At this point we have selected a particular a, and are now looking at bridging the gap from a^2 to n - i.e. (n - a^2)

3. Repeat steps 1a through 2 to select a value of b. This time instead of finding
floor(square_root(n)) we find floor(square_root(n - a^2))

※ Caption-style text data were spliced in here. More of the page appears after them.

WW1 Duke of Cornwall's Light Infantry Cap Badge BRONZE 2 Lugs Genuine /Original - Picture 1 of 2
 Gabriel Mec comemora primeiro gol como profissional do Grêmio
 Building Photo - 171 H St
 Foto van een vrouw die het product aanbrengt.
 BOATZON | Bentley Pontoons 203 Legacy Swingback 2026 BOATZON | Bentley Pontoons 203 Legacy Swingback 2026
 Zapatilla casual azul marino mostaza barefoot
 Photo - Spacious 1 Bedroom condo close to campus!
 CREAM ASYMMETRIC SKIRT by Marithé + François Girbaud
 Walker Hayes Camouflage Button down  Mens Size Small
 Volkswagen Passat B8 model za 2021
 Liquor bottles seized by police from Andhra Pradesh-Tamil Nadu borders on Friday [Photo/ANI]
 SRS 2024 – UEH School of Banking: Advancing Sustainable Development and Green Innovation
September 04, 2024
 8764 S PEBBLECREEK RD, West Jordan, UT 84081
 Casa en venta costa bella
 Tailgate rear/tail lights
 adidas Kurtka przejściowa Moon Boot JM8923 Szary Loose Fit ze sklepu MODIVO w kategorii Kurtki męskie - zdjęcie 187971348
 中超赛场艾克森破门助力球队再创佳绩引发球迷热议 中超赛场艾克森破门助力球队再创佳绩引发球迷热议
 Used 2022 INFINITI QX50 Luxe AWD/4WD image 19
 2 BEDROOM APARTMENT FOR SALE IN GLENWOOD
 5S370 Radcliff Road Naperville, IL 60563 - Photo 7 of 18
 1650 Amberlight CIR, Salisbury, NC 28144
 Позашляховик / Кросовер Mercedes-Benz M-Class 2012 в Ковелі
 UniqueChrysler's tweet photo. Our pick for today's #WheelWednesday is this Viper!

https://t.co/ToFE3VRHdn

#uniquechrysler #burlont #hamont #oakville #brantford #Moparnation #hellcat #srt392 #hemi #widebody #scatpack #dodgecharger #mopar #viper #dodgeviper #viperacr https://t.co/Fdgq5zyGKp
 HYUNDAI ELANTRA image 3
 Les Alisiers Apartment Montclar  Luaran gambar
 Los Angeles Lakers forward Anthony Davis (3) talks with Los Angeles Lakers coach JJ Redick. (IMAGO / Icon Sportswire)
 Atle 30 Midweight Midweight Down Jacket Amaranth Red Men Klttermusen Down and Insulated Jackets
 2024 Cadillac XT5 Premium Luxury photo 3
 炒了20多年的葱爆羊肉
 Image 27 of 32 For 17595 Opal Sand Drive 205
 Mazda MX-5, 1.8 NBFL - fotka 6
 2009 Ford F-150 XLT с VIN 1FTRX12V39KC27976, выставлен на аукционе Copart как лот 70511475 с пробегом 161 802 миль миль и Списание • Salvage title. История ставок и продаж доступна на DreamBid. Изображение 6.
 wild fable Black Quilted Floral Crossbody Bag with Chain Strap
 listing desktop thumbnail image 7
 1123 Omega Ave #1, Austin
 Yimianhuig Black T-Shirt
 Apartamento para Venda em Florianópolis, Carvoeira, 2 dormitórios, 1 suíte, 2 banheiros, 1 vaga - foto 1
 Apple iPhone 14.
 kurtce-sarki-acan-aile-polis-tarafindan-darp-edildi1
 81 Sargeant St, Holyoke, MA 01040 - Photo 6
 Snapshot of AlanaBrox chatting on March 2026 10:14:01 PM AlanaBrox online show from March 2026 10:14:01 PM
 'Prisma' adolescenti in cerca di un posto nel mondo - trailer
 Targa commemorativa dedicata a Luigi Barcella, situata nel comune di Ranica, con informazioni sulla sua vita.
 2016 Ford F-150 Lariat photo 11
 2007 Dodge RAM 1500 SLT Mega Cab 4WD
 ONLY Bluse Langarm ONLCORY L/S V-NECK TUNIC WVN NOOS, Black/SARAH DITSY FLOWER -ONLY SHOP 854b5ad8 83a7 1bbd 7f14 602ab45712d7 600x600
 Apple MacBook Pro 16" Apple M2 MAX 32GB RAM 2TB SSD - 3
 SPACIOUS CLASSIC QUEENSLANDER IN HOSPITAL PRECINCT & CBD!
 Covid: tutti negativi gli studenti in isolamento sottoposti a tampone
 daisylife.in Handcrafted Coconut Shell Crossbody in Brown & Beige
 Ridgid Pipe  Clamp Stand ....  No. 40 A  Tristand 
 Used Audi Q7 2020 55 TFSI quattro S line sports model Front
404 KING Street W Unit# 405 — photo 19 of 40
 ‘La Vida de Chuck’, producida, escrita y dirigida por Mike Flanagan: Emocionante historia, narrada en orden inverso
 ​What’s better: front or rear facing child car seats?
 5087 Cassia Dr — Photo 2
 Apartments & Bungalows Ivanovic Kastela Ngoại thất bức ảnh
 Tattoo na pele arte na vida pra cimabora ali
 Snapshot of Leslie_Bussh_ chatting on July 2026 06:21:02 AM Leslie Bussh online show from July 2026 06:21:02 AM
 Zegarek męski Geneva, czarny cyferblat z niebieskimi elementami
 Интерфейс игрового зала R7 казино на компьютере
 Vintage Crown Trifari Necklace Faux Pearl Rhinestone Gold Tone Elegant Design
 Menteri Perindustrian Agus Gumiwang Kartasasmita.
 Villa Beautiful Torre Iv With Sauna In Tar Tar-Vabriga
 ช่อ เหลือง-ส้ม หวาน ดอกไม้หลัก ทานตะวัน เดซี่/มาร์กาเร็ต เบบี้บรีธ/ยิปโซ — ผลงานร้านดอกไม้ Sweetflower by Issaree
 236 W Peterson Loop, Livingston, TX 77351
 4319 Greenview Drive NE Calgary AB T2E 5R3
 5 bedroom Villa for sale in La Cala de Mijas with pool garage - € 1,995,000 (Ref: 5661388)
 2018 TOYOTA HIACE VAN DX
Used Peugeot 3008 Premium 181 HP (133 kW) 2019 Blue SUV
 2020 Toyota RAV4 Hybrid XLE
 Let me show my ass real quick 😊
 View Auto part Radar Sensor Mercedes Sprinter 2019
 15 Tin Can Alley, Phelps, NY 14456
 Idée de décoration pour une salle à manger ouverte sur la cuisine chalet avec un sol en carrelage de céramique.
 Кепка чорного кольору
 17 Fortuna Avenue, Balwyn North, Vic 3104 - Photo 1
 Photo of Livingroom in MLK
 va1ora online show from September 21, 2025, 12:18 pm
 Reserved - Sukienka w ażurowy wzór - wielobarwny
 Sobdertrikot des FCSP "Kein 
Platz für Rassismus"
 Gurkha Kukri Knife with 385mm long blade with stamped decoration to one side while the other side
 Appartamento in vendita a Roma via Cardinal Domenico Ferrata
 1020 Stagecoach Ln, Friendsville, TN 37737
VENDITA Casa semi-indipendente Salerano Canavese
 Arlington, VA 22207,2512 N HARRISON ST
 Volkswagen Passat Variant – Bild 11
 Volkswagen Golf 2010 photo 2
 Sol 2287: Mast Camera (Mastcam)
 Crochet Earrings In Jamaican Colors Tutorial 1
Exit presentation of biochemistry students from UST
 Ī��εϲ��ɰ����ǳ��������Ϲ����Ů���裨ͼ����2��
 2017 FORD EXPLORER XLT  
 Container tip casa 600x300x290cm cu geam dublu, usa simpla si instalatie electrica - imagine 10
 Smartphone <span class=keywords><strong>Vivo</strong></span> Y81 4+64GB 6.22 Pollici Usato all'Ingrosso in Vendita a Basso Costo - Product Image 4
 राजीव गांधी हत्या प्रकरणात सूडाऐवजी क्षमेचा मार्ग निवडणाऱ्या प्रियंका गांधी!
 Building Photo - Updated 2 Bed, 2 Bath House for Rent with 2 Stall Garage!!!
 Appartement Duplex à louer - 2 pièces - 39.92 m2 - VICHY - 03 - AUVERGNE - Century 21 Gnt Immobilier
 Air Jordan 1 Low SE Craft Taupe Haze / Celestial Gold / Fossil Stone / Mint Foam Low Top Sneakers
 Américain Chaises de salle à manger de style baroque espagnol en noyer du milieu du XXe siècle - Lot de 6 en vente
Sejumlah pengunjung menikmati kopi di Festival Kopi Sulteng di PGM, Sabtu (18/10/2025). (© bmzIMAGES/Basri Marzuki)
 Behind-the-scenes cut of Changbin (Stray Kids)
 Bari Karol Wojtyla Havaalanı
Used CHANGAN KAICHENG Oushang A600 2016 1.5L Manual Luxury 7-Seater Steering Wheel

and so on and so forth. So the entire algorithm would look something like:

1a. Obtain floor(square_root(n)) # this is the maximum value of a - call it max_a
1b. Obtain the first value of a such that a^2 >= n/4 - call it min_a
2. For a in a range (min_a, max_a)
3a. Obtain floor(square_root(n - a^2))
3b. Obtain the first value of b such that b^2 >= (n - a^2)/3
4. For b in a range (min_b, max_b)
5a. Obtain floor(square_root(n - a^2 - b^2))
5b. Obtain the first value of b such that b^2 >= (n - a^2 - b^2)/2
6. For c in a range (min_c, max_c)
7. We now look at (n - a^2 - b^2 - c^2). If its square root is an integer, this is d.
Otherwise, this tuple will not form a solution

At steps 3b and 5b I use (n - a^2)/3, (n - a^2 - b^2)/2. We divide by 3 or 2, respectively, because of the number of values in the tuple not yet 'fixed'.

An example:

doing this on n = 12:

1a. max_a = 3
1b. min_a = 2
2. for a in range(2, 3):
    use a = 2
3a. we now look at (12 - 2^2) = 8
max_b = 2
3b. min_b = 2
4. b must be 2
5a. we now look at (12 - 2^2 - 2^2) = 4
max_c = 2
5b. min_c = 2
6. c must be 2
7. (n - a^2 - b^2 - c^2) = 0, hence d = 0
so a possible tuple is (2, 2, 2, 0)

2. use a = 3
3a. we now look at (12 - 3^2) = 3
max_b = 1
3b. min_b = 1
4. b must be 1
5a. we now look at (12 - 3^2 - 1^2) = 2
max_c = 1
5b. min_c = 1
6. c must be 1
7. (n - a^2 - b^2 - c^2) = 1, hence d = 1
so a possible tuple is (3, 1, 1, 1)

These are the only two possible tuples - hey presto!